**EXERCISE REQUIREMENTS:**
Below are some records. Write out exactly their lines from the one with "VW Polo 1.4 TDI | Auto.bg — изображение 5" through the one with "10 Best Editor-Picked", and leave the pictures behind.

**DATA UNDER STUDY:**
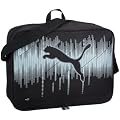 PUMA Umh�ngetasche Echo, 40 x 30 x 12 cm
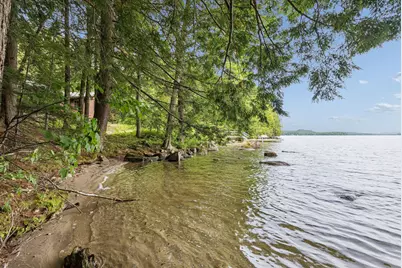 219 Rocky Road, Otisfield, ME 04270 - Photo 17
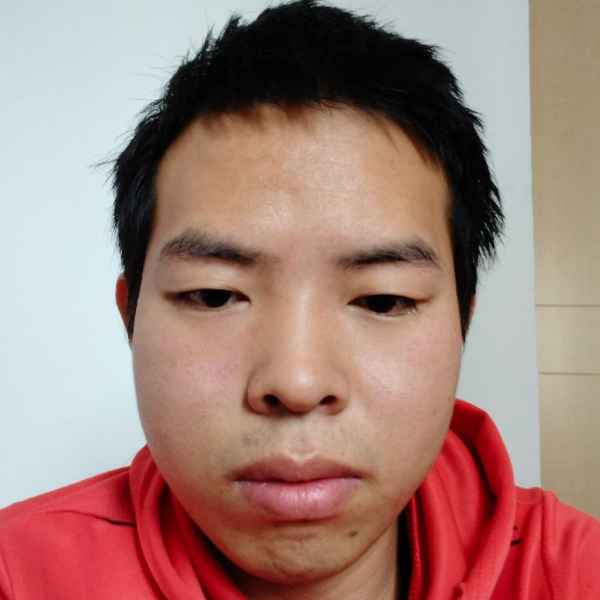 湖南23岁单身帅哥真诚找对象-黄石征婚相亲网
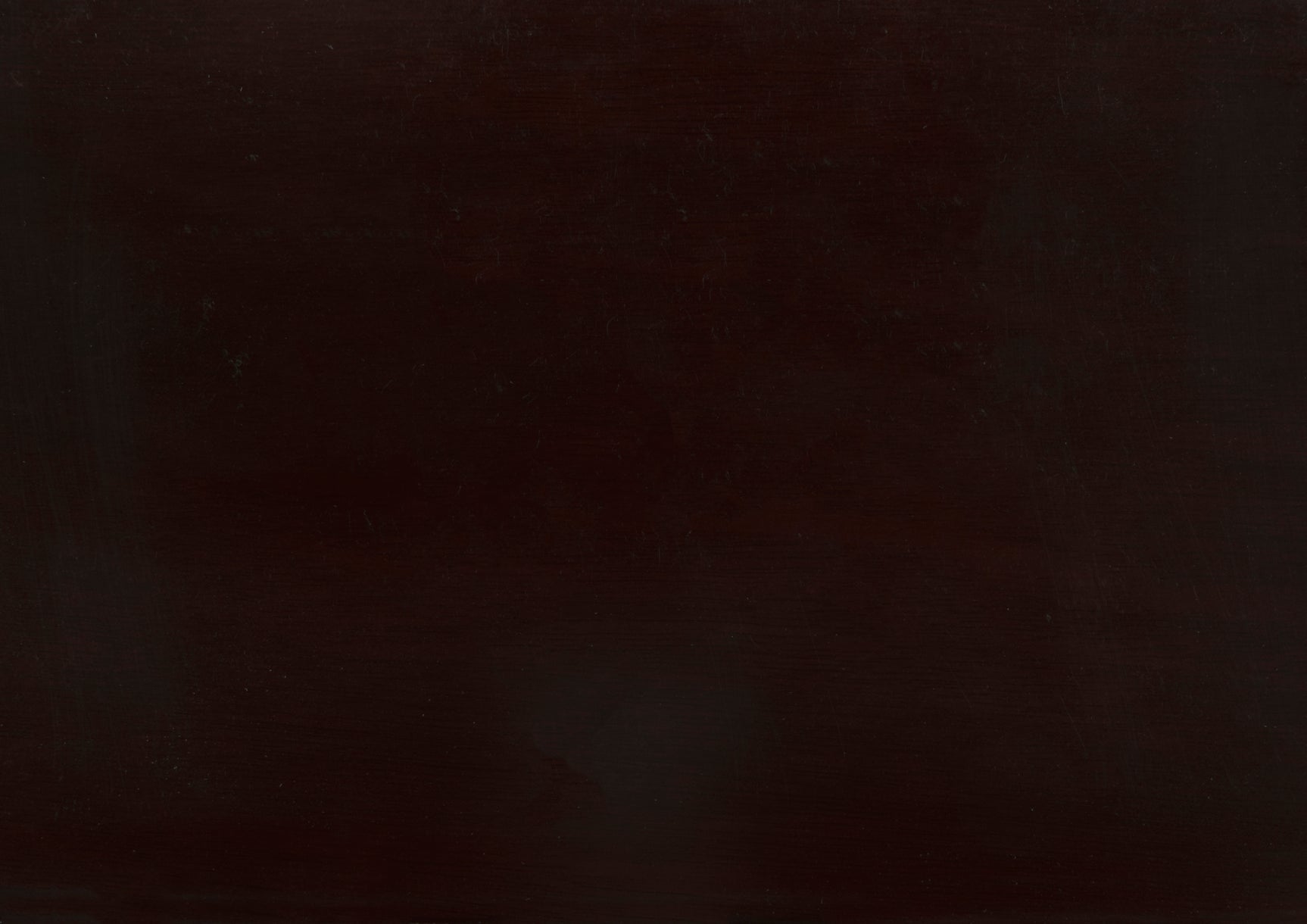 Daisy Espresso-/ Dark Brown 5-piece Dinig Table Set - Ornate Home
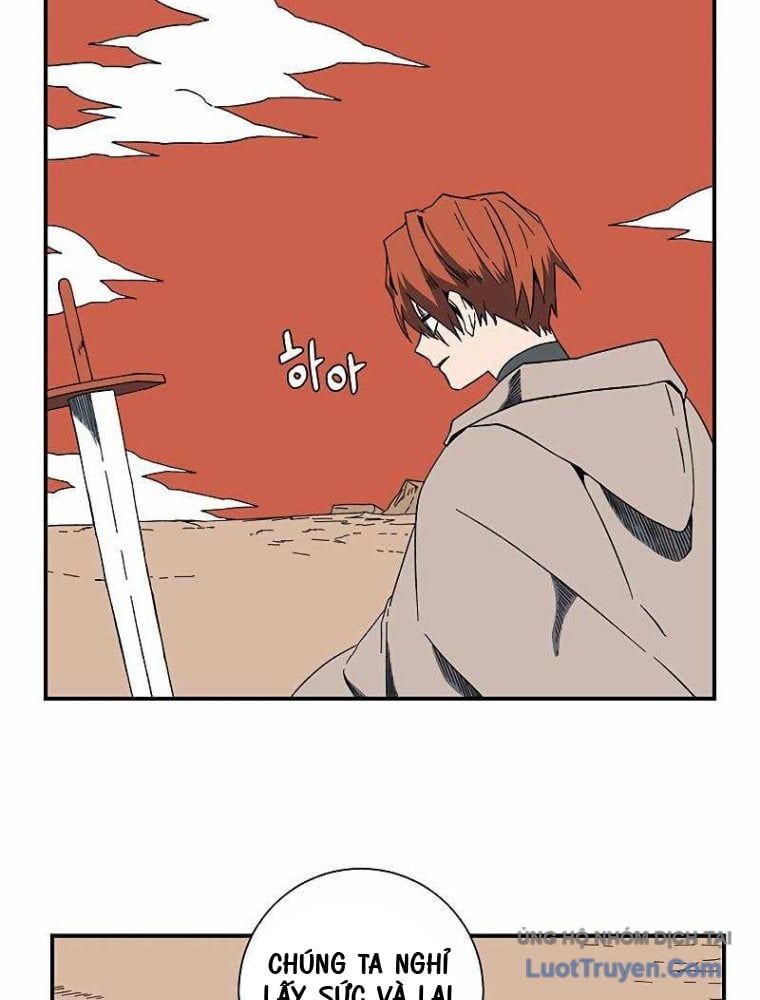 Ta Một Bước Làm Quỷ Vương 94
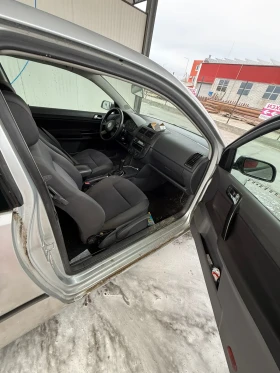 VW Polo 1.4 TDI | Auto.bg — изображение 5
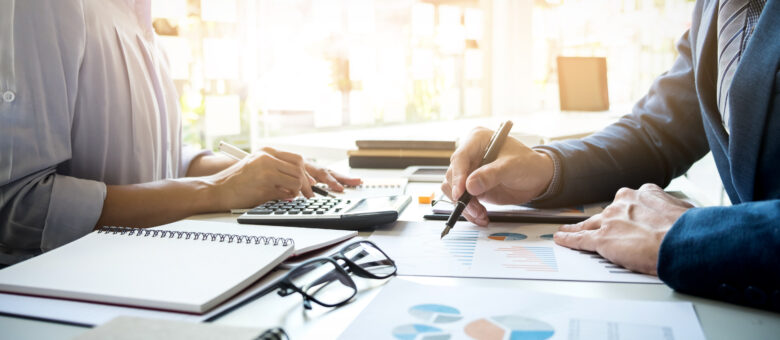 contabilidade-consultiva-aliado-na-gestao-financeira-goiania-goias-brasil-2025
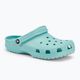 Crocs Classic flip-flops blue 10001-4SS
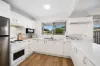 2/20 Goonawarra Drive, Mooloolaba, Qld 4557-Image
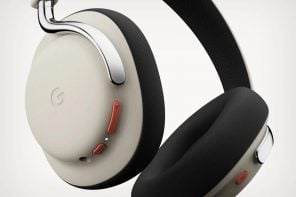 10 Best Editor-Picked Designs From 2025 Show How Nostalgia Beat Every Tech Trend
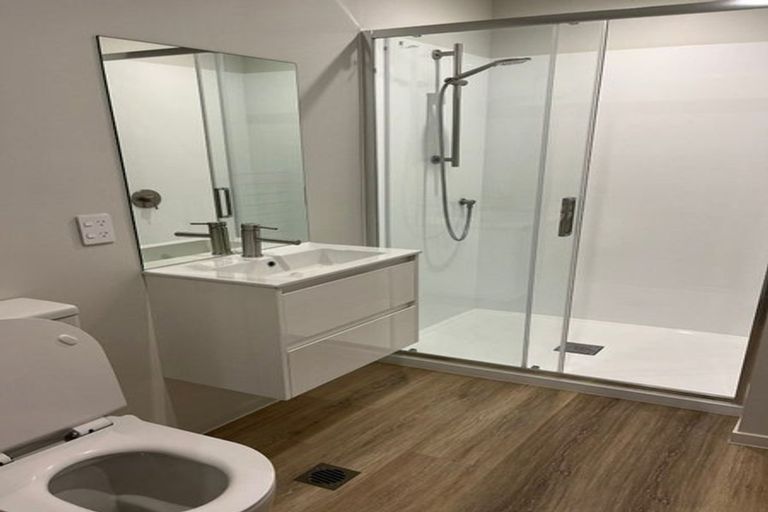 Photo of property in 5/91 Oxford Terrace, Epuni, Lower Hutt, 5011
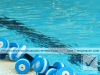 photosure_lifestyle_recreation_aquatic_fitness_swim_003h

**YOUR RESPONSE:**
 VW Polo 1.4 TDI | Auto.bg — изображение 5
 contabilidade-consultiva-aliado-na-gestao-financeira-goiania-goias-brasil-2025
 Crocs Classic flip-flops blue 10001-4SS
 2/20 Goonawarra Drive, Mooloolaba, Qld 4557-Image
 10 Best Editor-Picked Designs From 2025 Show How Nostalgia Beat Every Tech Trend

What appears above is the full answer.